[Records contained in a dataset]
>>>

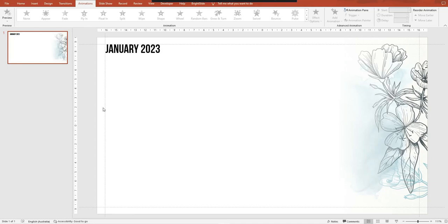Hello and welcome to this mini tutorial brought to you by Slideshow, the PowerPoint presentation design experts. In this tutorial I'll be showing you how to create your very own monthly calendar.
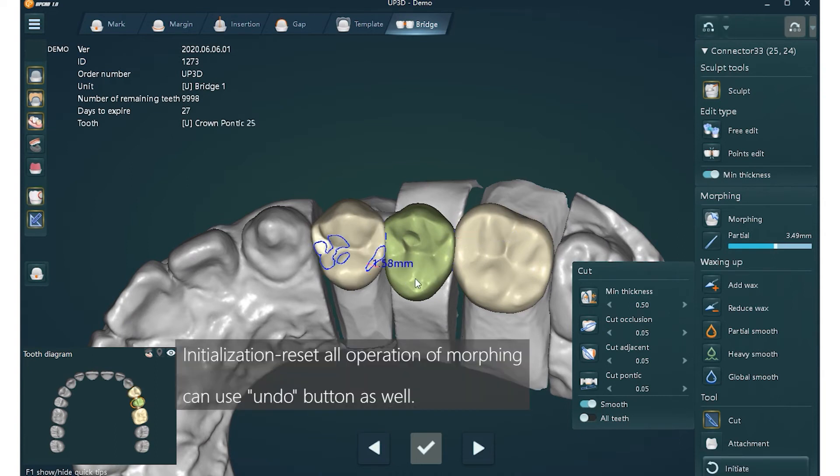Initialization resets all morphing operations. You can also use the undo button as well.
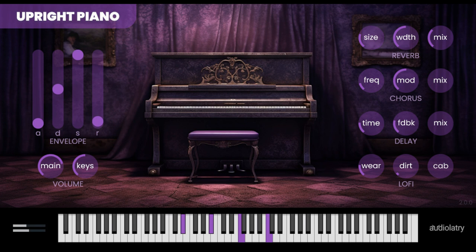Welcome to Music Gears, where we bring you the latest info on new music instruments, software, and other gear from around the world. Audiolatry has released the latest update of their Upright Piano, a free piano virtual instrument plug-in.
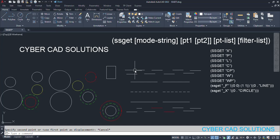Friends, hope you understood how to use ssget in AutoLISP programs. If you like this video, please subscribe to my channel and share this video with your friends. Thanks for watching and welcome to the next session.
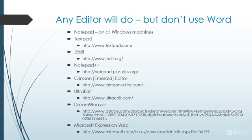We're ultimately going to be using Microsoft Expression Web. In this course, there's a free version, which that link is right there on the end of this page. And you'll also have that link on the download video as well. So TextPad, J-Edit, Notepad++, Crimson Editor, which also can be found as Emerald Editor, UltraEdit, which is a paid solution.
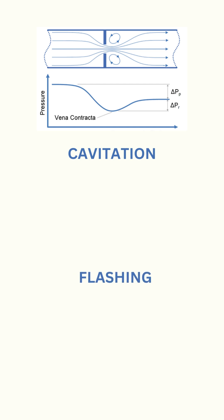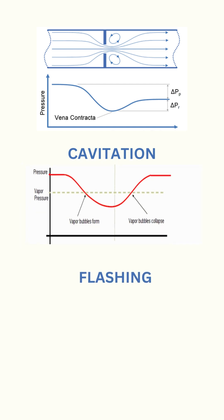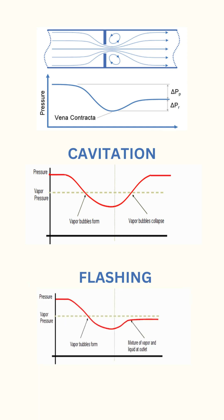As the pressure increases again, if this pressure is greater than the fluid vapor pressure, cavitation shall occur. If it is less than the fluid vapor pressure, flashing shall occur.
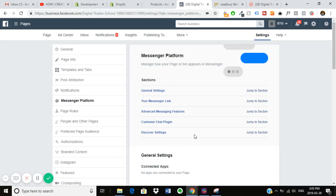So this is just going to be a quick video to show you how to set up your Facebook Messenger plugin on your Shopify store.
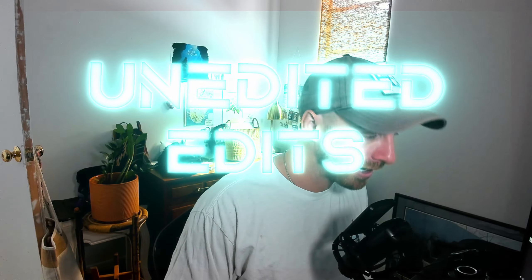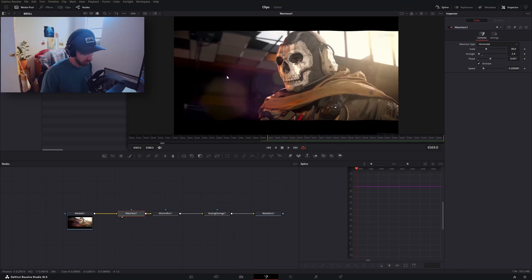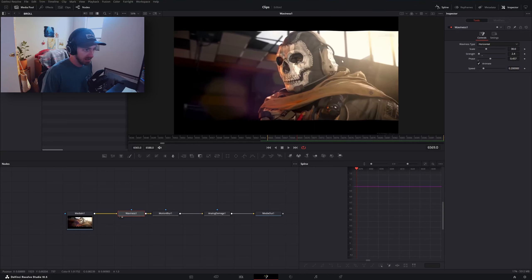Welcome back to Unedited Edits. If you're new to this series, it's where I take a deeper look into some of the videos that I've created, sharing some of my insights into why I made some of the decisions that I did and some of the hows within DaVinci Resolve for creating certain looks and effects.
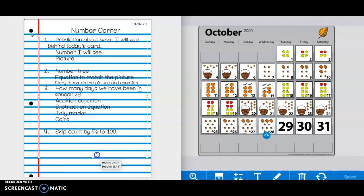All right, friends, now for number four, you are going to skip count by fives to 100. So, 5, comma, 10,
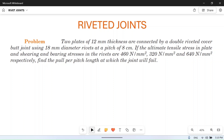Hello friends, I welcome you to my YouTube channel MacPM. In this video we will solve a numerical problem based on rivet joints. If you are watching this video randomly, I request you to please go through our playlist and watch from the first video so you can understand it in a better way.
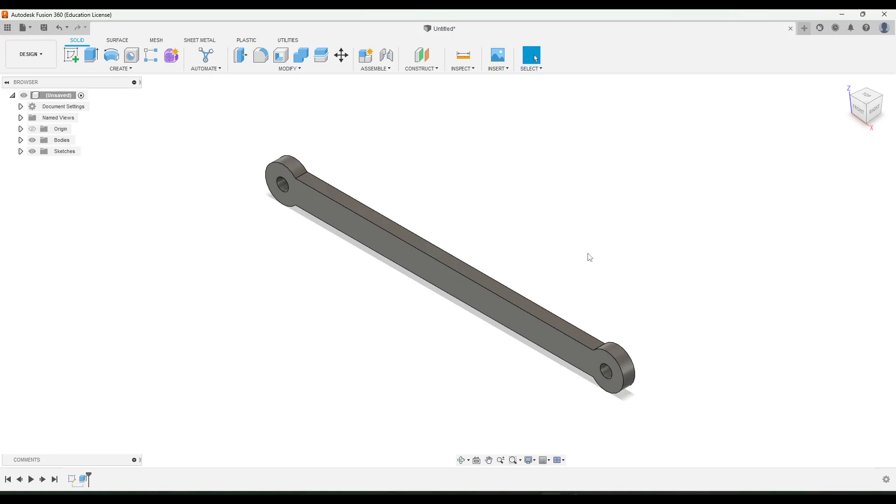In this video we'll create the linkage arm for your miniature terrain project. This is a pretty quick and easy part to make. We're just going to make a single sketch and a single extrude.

<<<

_ACTIVITY_
Using the data above, print only the lines starting at the one with "Friends, hope you" and ending at the one with "All right, friends, now", exactly as they stand, minus the pictures.

_RESULT FOR THIS EXERCISE_
Friends, hope you understood how to use ssget in AutoLISP programs. If you like this video, please subscribe to my channel and share this video with your friends. Thanks for watching and welcome to the next session.
We're ultimately going to be using Microsoft Expression Web. In this course, there's a free version, which that link is right there on the end of this page. And you'll also have that link on the download video as well. So TextPad, J-Edit, Notepad++, Crimson Editor, which also can be found as Emerald Editor, UltraEdit, which is a paid solution.
As the pressure increases again, if this pressure is greater than the fluid vapor pressure, cavitation shall occur. If it is less than the fluid vapor pressure, flashing shall occur.
So this is just going to be a quick video to show you how to set up your Facebook Messenger plugin on your Shopify store.
Welcome back to Unedited Edits. If you're new to this series, it's where I take a deeper look into some of the videos that I've created, sharing some of my insights into why I made some of the decisions that I did and some of the hows within DaVinci Resolve for creating certain looks and effects.
All right, friends, now for number four, you are going to skip count by fives to 100. So, 5, comma, 10,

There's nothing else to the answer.